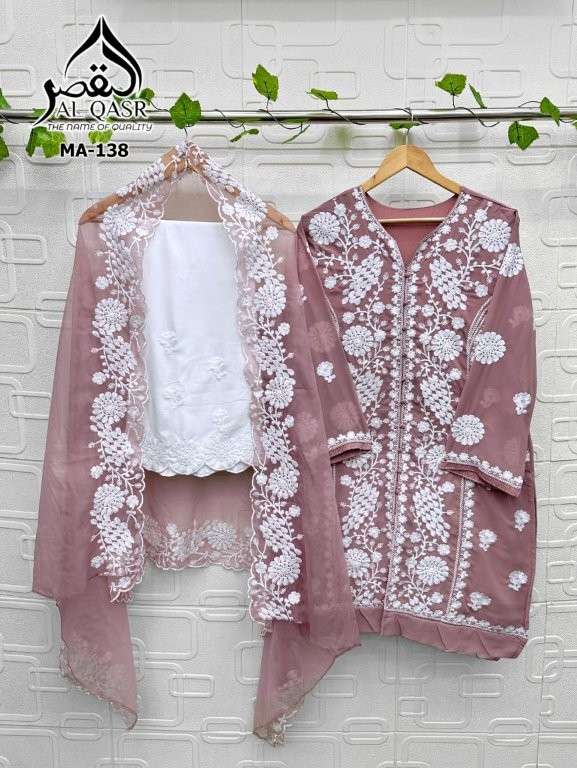 AL-QASR MA-138 PURE FAUX GEORGETTE EMBROIDERY PRINTED PAKISTANI DRESSES-00245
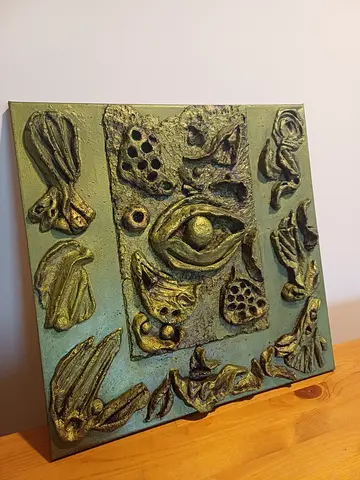 Gold and Green 3D Relief Textured Eye Wall Art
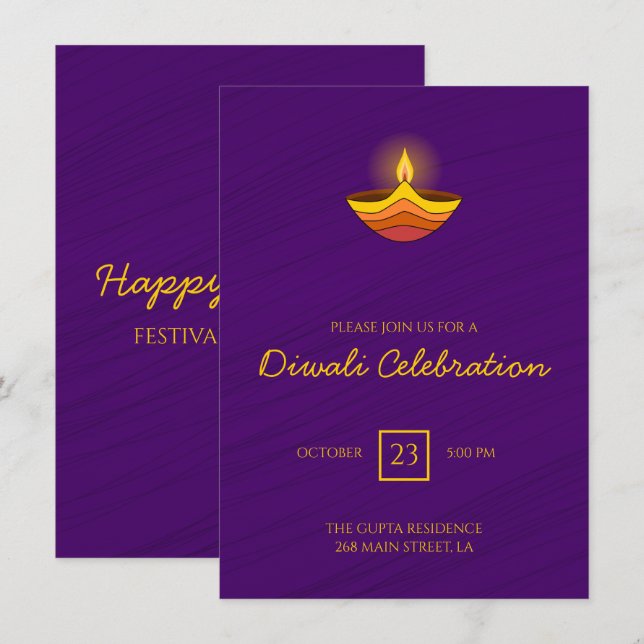 Invitación Llama de velas sobre fondo morado (Anverso / Reverso)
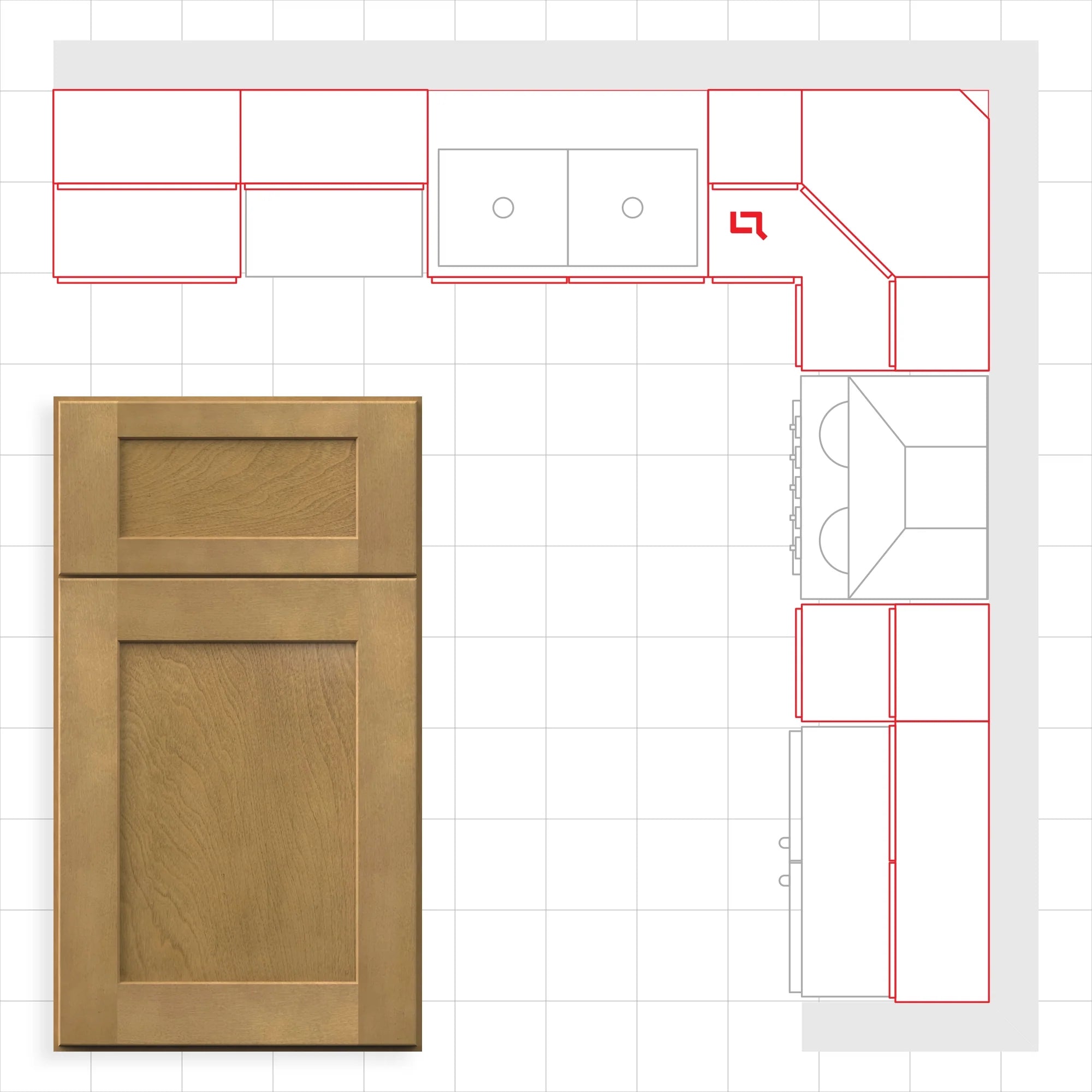 Fabuwood Allure Galaxy Timber 10x10 Kitchen Design Set Image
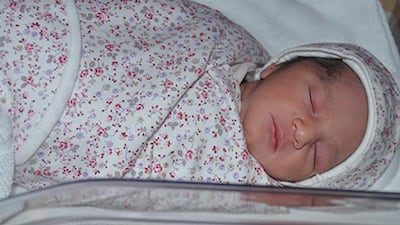 Dana Ali Al Yammahi was the first baby to be born on National Day at Corniche Hospital. Courtesy Corniche Hospital
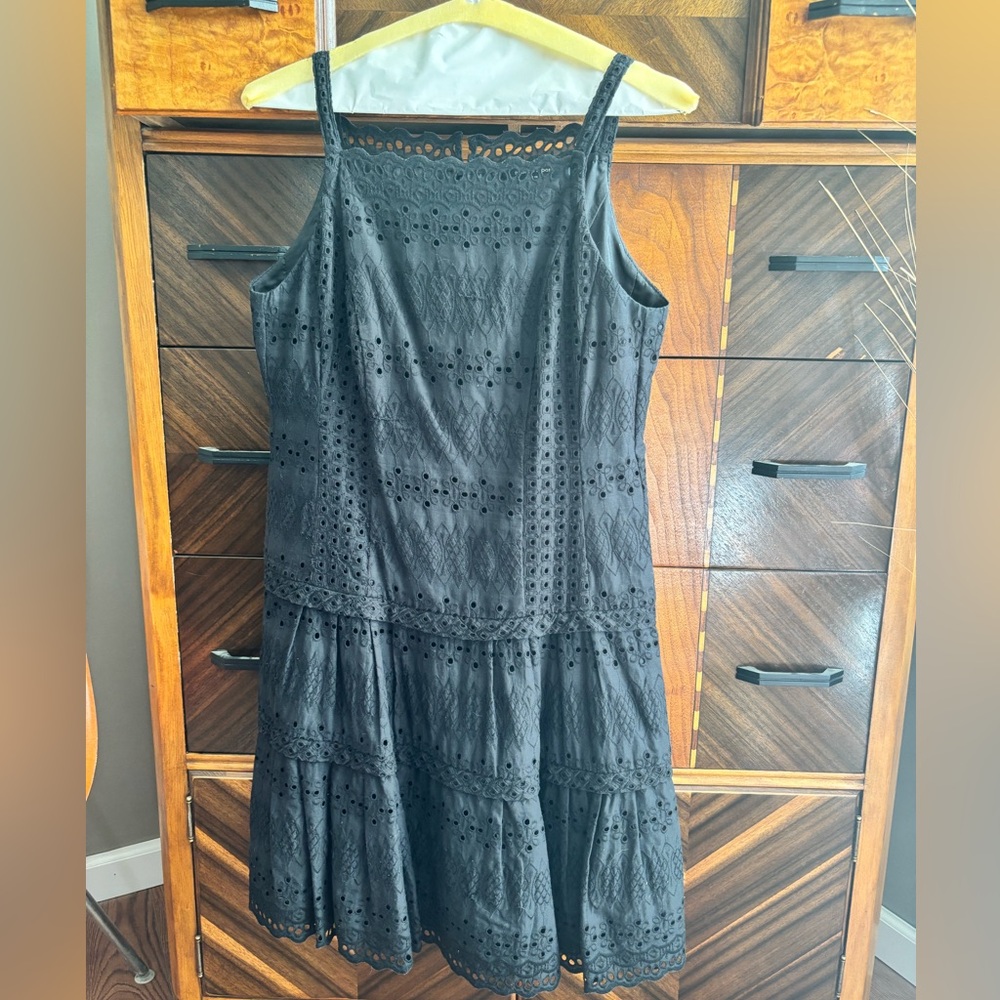 Nanette Lepore Black Eyelet Tiered Mini Sundress
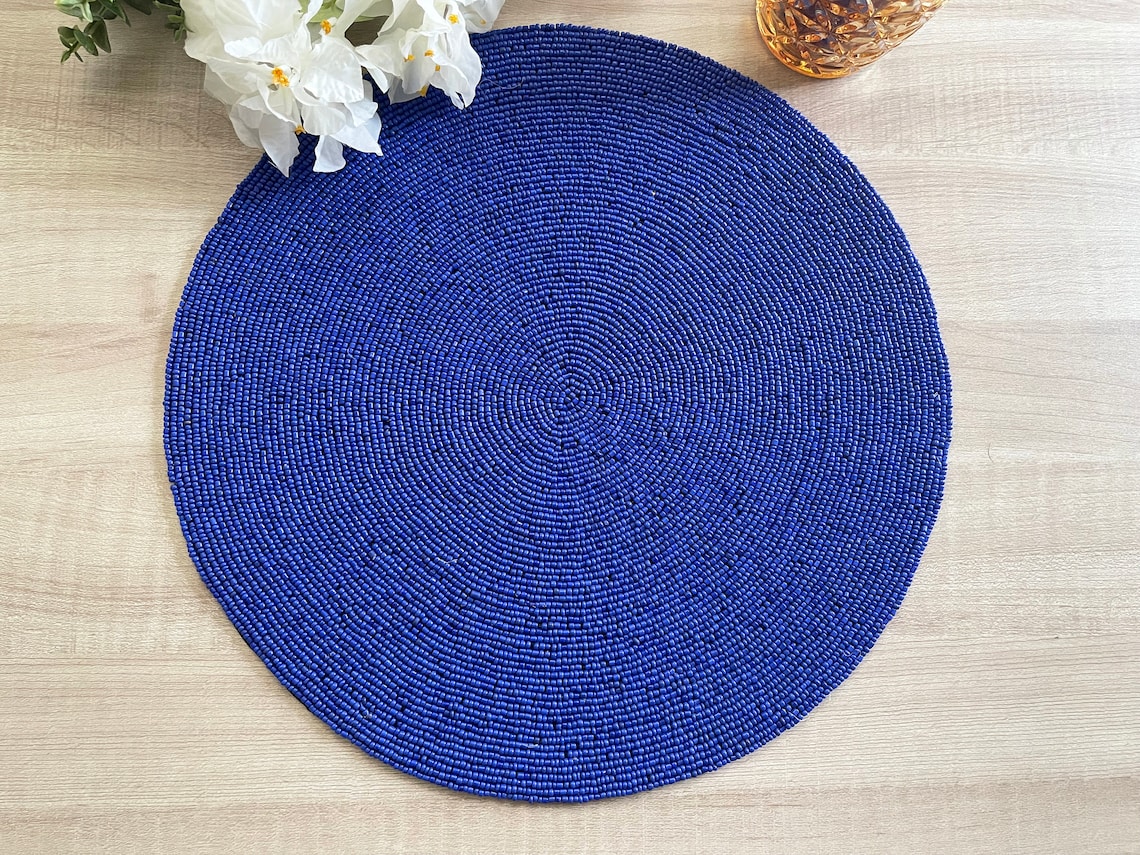 Set of 6 Handmade Beaded Placemat Beaded Table Mat Navy Etsy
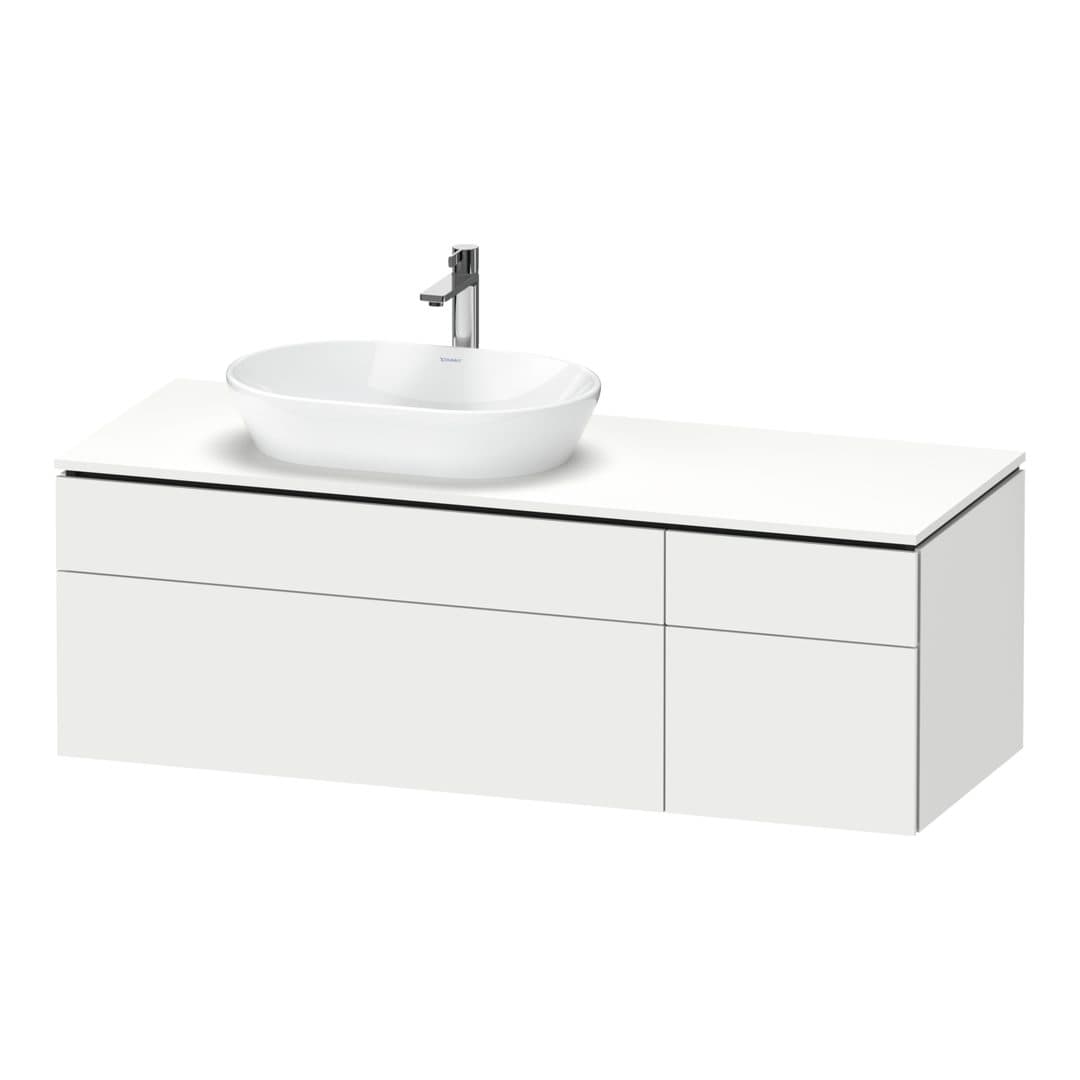Duravit L-Cube – Έπιπλο Νιπτήρα – 1420 mm, για κονσόλα, 4 συρτάρια, νιπτήρας αριστερά – White Matt, Decor (LC4877018180000)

============

» TASK INSTRUCTIONS
When you retype the material above, keep every word exact and drop the images.

» TASK SOLUTION
 AL-QASR MA-138 PURE FAUX GEORGETTE EMBROIDERY PRINTED PAKISTANI DRESSES-00245
 Gold and Green 3D Relief Textured Eye Wall Art
 Invitación Llama de velas sobre fondo morado (Anverso / Reverso)
 Fabuwood Allure Galaxy Timber 10x10 Kitchen Design Set Image
 Dana Ali Al Yammahi was the first baby to be born on National Day at Corniche Hospital. Courtesy Corniche Hospital
 Nanette Lepore Black Eyelet Tiered Mini Sundress
 Set of 6 Handmade Beaded Placemat Beaded Table Mat Navy Etsy
Duravit L-Cube – Έπιπλο Νιπτήρα – 1420 mm, για κονσόλα, 4 συρτάρια, νιπτήρας αριστερά – White Matt, Decor (LC4877018180000)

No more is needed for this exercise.